Composée de 1946 à 1948, la Turangalîla-Symphonie est une oeuvre monumentale d'Olivier Messiaen. Assurément, son interprétation représente une tâche colossale pour un orchestre symphonique universitaire. Et cette tâche a été dignement accomplie par celui de McGill, vendredi à la Maison symphonique.

Dix mouvements exécutés en 80 minutes, soit une introduction, trois séries de «mouvements enchâssés », un mouvement final joyeux et euphorique, le tout articulé autour de quatre «thèmes cycliques» pour reprendre l'expression du défunt compositeur (1908-1992).
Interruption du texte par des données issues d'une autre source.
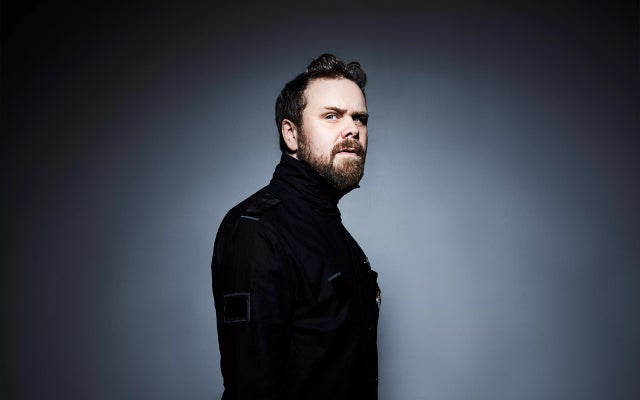 ”En jättefin sak” säger Emil Svanängen om tillfället att få tala om sina låttexter.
Ce n'est pas rien! 

Grande diversité de procédés compositionnels au menu : entre autres, arabesque à la clarinette, scherzo pour piccolo et basson, discours atonal au piano, variété de couches texturales générées par les cordes, les cuivres et les bois, cohabitation continue de la consonance et de la dissonance, usage probant des ondes Martenot, présence de percussions variées, des timbales, solo de contrebasse sur «fond scintillant d'instrument à clavier et de bois», etc. 

Cette oeuvre témoigne d'une grande liberté du compositeur français, de l'austérité conceptuelle à la folie festive en passant par des séquences de réelle tendresse mélodique... à tel point qu'on a parfois un peu de mal à en saisir le fil conducteur.  Mais il suffit de rester attentif pour identifier les raccords de la Turangalîla-Symponie. Pour en apprécier la cohérence, les concepts et les moments de grande beauté.
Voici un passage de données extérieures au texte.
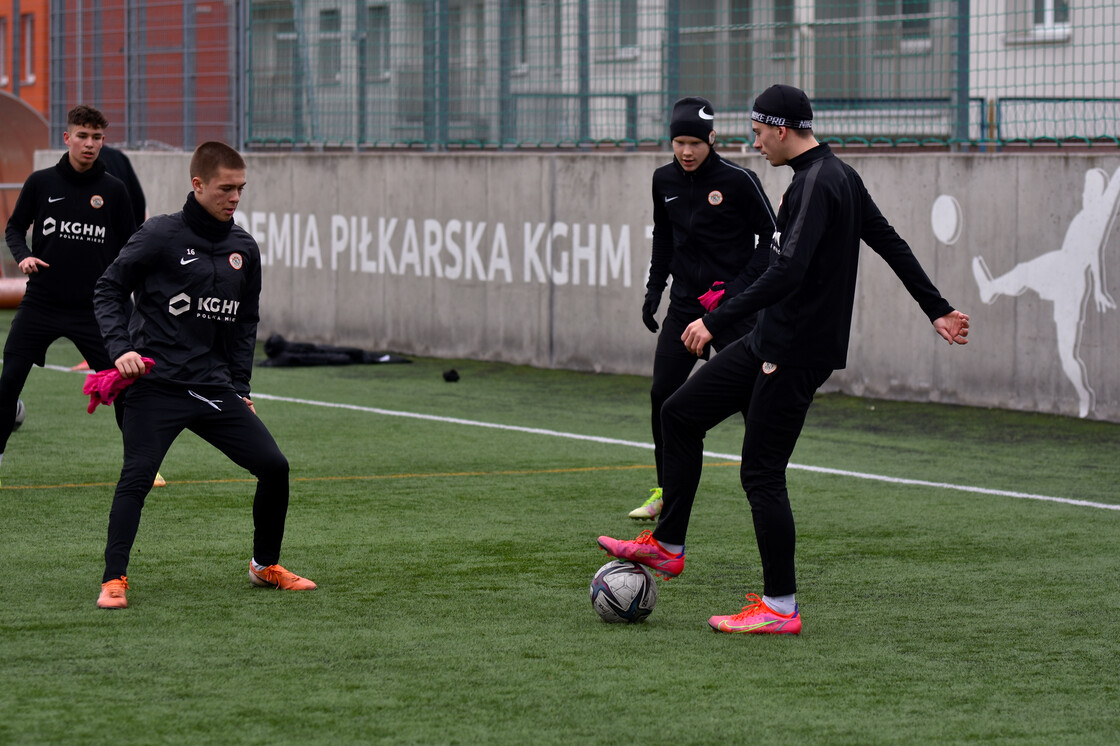 Trening drużyn U-18 i U-16 | FOTO Trening drużyn U-18 i U-16 | FOTO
Près de sept décennies après sa conception, cette oeuvre a passé l'épreuve du temps, ses caractéristiques naguère jugées bizarroïdes sont désormais admises par tant de mélomanes curieux et ouverts d'esprit. 

Quant à l'interprétation de l'Orchestre symphonique de McGill sous la direction d'Alexis Hauser, on ne peut qu'applaudir. Une fois de plus, le maestro a réussi à soutirer le maximum d'un orchestre d'étudiants des plus fervents et de solistes professionnels aguerris (la pianiste Kyoto Hashimoto, l'ondiste Estelle Lemire), sans pour autant rivaliser avec les interprétations de cette même oeuvre par de grands orchestres symphoniques professionnels. Dans un tel contexte, difficile voire impossible d'exiger davantage de cohésion, de précision, d'intelligibilité. Et il y a lieu de s'en réjouir. 

ORCHESTRE SYMPHONIQUE DE McGILL

Chef d'orchestre: Alexis Hauser. Solistes : Kyoko Hashimoto, piano, Estelle Lemire, ondes Martenot. Vendredi soir, Maison symphonique de Montréal, 19h, festival Montréal/Nouvelles Musiques (MNM)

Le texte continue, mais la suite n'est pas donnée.